In this concept, you will learn how to calculate the probability of overlapping, or mutually inclusive events.

### Guidance

There are some events that can impact each other or that are overlapping. They have one or more outcomes in common. When events have outcomes in common, they are said to be overlapping events, also known as mutually inclusive events

Let's look at an example.

For a single spin, are events \begin{align*}R (\text{red})\end{align*} and \begin{align*}T (\text{top})\end{align*} overlapping events?

First, make a list of the outcomes.

\begin{align*}R\end{align*} outcomes: red-top, red bottom

\begin{align*}T\end{align*} outcomes: red-top, blue-top

Next, compare the list.

Then, decide if the two events in question have a common outcome.

The two events DO have an outcome in common–red-top.

The answer is the two events do have a common outcome, therefore \begin{align*}R\end{align*} and \begin{align*}T\end{align*} are mutually inclusive events.

So \begin{align*}R\end{align*} and \begin{align*}T\end{align*} are mutually inclusive events.  Notice that the events have more than one thing in common. They have red in common, but they also have the words “top”  in common too.

Let’s look at another example.

For a single toss of a number cube, are events smaller than 6 and greater than 4 disjoint events or overlapping events?

First, make a list of the outcomes.

Smaller outcomes 1, 2, 3, 4, 5,

Greater outcomes: 5, 6

Next, compare the list.

Then, decide if the two events in question have a common outcome.

The two events have 1 outcome in common = 5.

The answer is events smaller than 6, \begin{align*}S6\end{align*}, and greater than 4,  \begin{align*}G4\end{align*}, are mutually inclusive events.

To find the probability of mutually inclusive events occurring, the following formula is used:

X = one set of outcomes   Y = another set of outcomes, where X and Y are known to have mutually inclusive events:

\begin{align*}P (\text{A or} \ B) = P(A) + P(B) - P (A\ and\ B)\end{align*}

where P(A or B) is the probability tht either event A or event B will occur, P(A) is the probability that event A will occur, P(B) is the probability that event B will occur and P(A and B) is the probability that both events will occur.

For example:

A number cube is tossed. What is the probability that it will be an even number or a number greater than four?

even outcomes:  2, 4, 6

> 4 outcomes:  5, 6

When you consider the outcomes, the mutually inclusive outcome, the one that both events have in common, is 6.

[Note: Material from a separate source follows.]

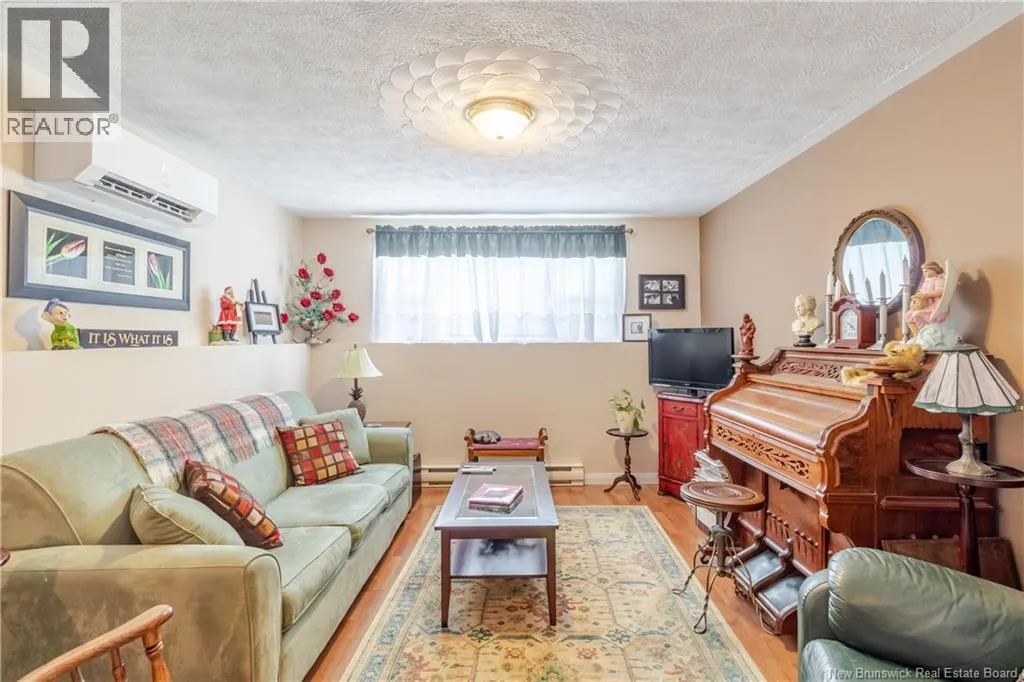 4 Dewitt Acres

\begin{align*}P (\text{even outcomes or} \ greater\ than\ 4) = P(\frac{3}{6}) + P(\frac{2}{6}) - P (\frac{1}{6})\end{align*}

The answer is the probability that a number cube will land on an even number or a number greater than four is \begin{align*}\frac{4}{6} = \frac{2}{3} = 0.67 = 67\ percent\end{align*}.

### Guided Practice

A number cube is tossed. What is the probability that the number that lands up will be odd or greater than 3?

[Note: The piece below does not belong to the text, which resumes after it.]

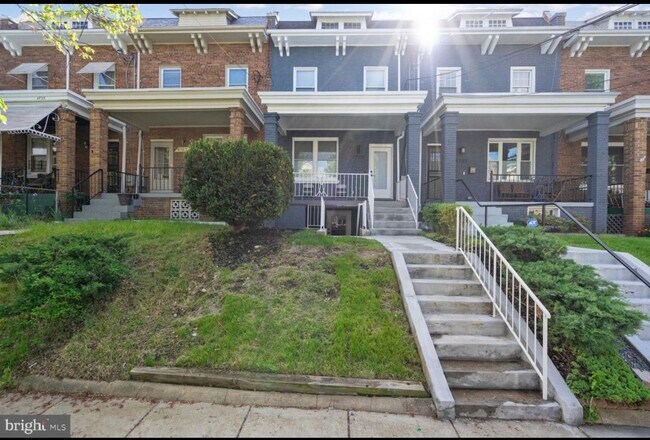 Primary Photo - 4725 4th St NW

First, list the odd outcomes, outcomes greater than 3, and total outcomes.

odd outcomes: 1, 3, 5

> 3 outcomes: 4, 5, 6

total outcomes: 1, 2, 3, 4, 5, 6

Next, consider the list and identify the mutually inclusive outcomes:

There is only one mutually inclusive outcome, the favorable outcome, which is 5.

Then, using the formula for mutually inclusive probability, calculate the probability percent:

\begin{align*}P (\text{odd outcomes or} \ greater\ than\ 3) = P(\frac{3}{6}) + P(\frac{3}{6}) - P (\frac{1}{6}) = \frac{5}{6} = 0.83 = 83\ percent\end{align*}

### Examples

#### Example 1

For a single spin of the spinner above, are \begin{align*}G (\text{green})\end{align*} and \begin{align*}T (\text{top})\end{align*} disjoint events or overlapping events?

First, make a list of the outcomes.

\begin{align*}G (\text{green})\end{align*} outcomes = green-bottom

\begin{align*}T (\text{top})\end{align*} outcomes = red-top, blue-top

Next, compare the list.

Then, decide if the two events in question have a common outcome.

The two events do not have a common outcome.

The answer is \begin{align*}G (\text{green})\end{align*} and \begin{align*}T (\text{top})\end{align*}  are disjoint events because they do not have any outcomes in common.

#### Example 2

A number cube is tossed. What is the probability that it will be a two or an even number?

First, list all possible outcomes:

2 outcomes: 2

even outcomes: 2, 4, 6

total outcomes: 2, 4, 6

Next, consider the list and identify the mutually inclusive outcomes:

There is only one mutually inclusive outcome, the favorable outcome, which is 2.

Then,  create the ratio of the number of favorable outcomes to total outcomes.

\begin{align*}P (2\ or \ even) = P(\frac{1}{6}) + P(\frac{3}{6}) - P (\frac{1}{6}) = \frac{3}{6} = 0.50 = 50\ percent\end{align*}

The answer is the probability of a number cube landing on a two and an even number is  \begin{align*}\frac{1}{6}\end{align*}.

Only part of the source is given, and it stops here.